Trump’s assertions about Obama’s immigration policies have been debunked several times by The Post’s Fact Checker. Current and former DHS officials said family separation was rare during the Obama years, and usually only happened if a child’s safety was at risk, The Post reported in April.
As Díaz-Balart continued to press Trump on the “zero tolerance” policy, the president defended himself by reiterating that he was the one responsible for reuniting families. (The reunification process began last year after U.S. District Judge Dana M. Sabraw issued a court order demanding children be returned to their families.)
“I inherited separation and I changed the plan and I brought people together,” Trump said, arguing that family separations were a deterrent to migrants trying to cross the border.
“But I hated to have the separation policy,” he said, prompting Díaz-Balart to ask the president again if “zero tolerance” was a mistake.
“What ‘zero tolerance’ means to me is we’re going to be tough on the border,” Trump said.
“That includes separating parents from children if that’s what it takes?” Díaz-Balart replied.
“No, no, no. I put them together,” Trump answered. “Just remember that, I put them together.”
The president also faced questions about revoking the Deferred Action for Childhood Arrivals program, which protected undocumented immigrants brought to the U.S. as children, and his recently signed deal with Mexico. The country agreed to take “strong measures” to crack down on the surge of Central American migrants at the southern border to avoid harsh tariffs.
“This week, I consider them a friend,” Trump said of Mexico. “They’ve been doing a great job actually.”
He later added: “If they weren’t great, I would put tariffs on them.”
Díaz-Balart and Trump also discussed how he anticipated faring with Latino voters in the upcoming election and his fellow 2020 candidates.
Trump told Díaz-Balart that he believes he’ll do “much better” with the Latino vote in 2020, specifically drawing attention to his stance on Cuba and Venezuela. The Trump administration has accused Cuba of being involved with keeping Venezuelan President Nicolás Maduro in power, and is continuing to impose strict regulations on the Caribbean country.

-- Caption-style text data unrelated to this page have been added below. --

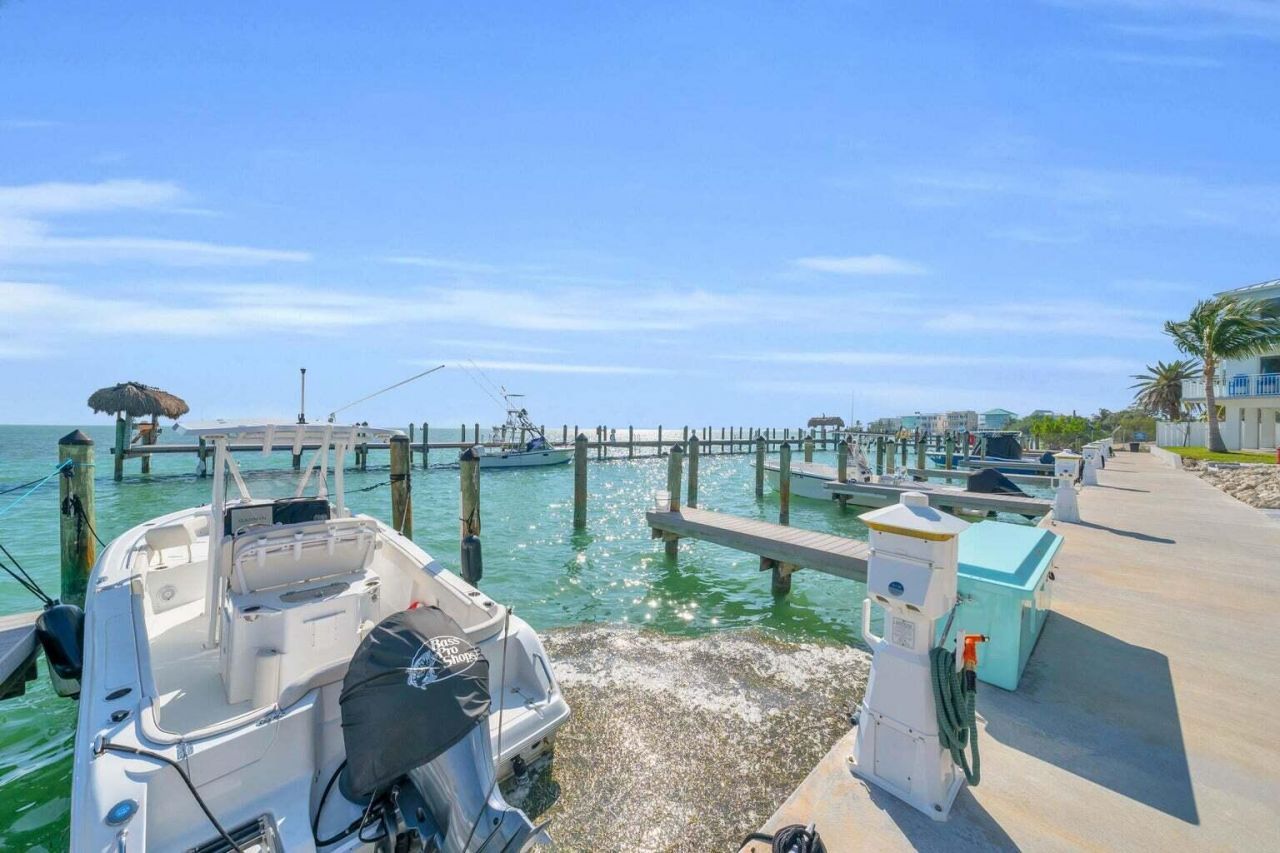 10877 Overseas Highway, Unit 30, Marathon, FL 33050 Photo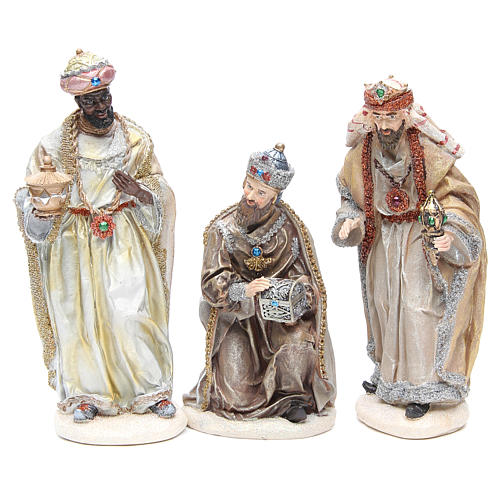 Nativity measuring 31cm, in resin with multi Gold finish 4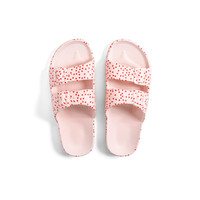 LOVE 2.0 ROSA Red hearts print on pale pink slides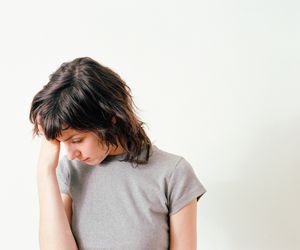 Dysforia objawia się obniżonym nastrojem. Przyczyny i leczenie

“I’ve been very, very tough on Cuba,” Trump said. “We’re going to get Cuba worked out properly. Not the way Obama did it, which was a disaster.”
Pushed on why Maduro remains in power, Trump said, “Some people say we’ve been too tough, I say we haven’t been tough enough.” The Post’s Karen DeYoung and Josh Dawsey reported Wednesday that Trump “is losing both patience and interest in Venezuela.”
“Well, it’s a process,” Trump said during Thursday’s interview, before expressing sympathy for Venezuelans who are starving and “have no nothing.”
“I love the Venezuelan people,” he said.
Though Trump said he wouldn’t “bother too much” with commenting on his political opponents, he still hurled a few zingers. Sen. Bernie Sanders (I-Vt.) “looks like a tired crazy right now,” he said. Trump also described former vice president Joe Biden as “exhausted.”
When Díaz-Balart brought up a recent Quinnipiac University poll, which had Biden, Sanders, Sen. Elizabeth Warren (D-Mass.) and South Bend, Ind., Mayor Pete Buttigieg, among other candidates, leading Trump in Florida, the president dismissed the results.
“I don’t respect that poll,” he said.
Asked whether he had any regrets, Trump shook his head and said, “I’ve done a great job.”
And his two biggest mistakes as president?
“I would have not appointed a couple of people, and my life would have been a much simpler life,” he said, without specifying which people he was referring to. “My biggest mistakes was I put a couple of people in that I shouldn’t have put in.”